* Task directions *
Write out the entries below exactly, but only from the line containing "Picture 2 of 6" through the line containing "Frog Cake and Cupcakes", and without the pictures.

* Exercise material *

....................

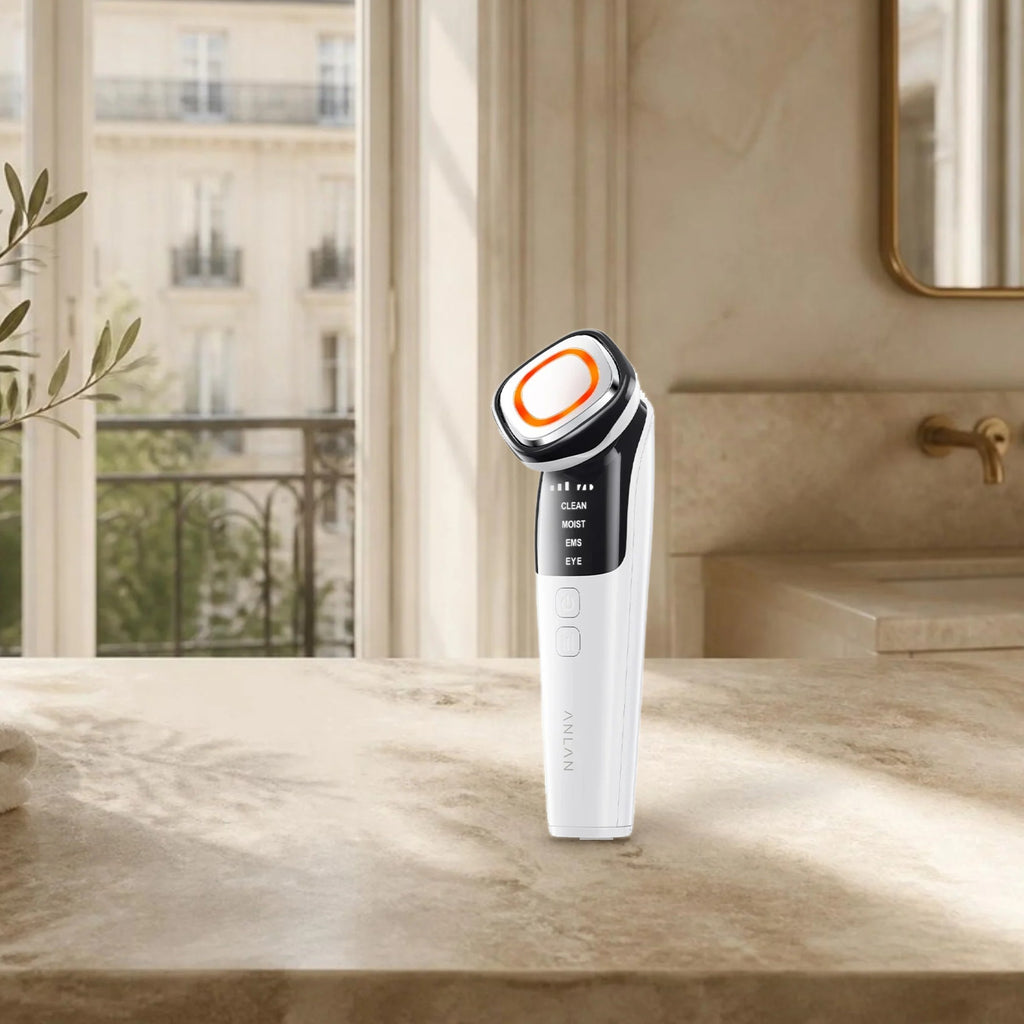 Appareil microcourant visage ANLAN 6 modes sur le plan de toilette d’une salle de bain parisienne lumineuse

....................

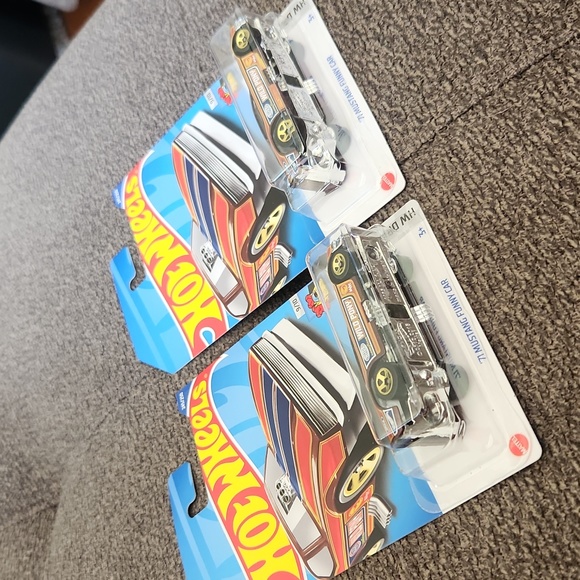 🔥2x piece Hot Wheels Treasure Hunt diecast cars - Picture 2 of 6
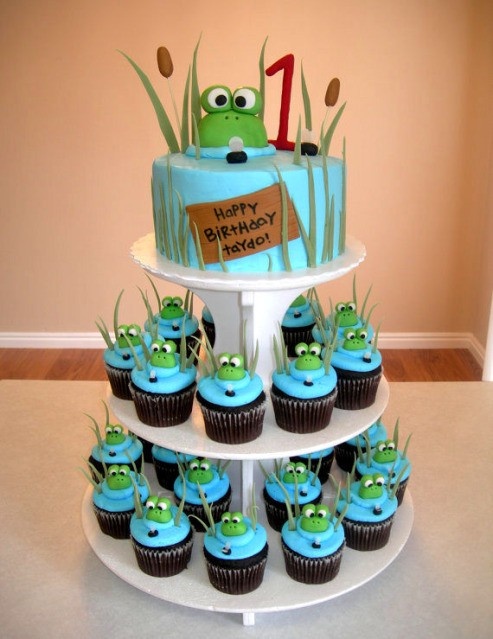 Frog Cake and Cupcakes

....................

* Written solution *
 🔥2x piece Hot Wheels Treasure Hunt diecast cars - Picture 2 of 6
 Frog Cake and Cupcakes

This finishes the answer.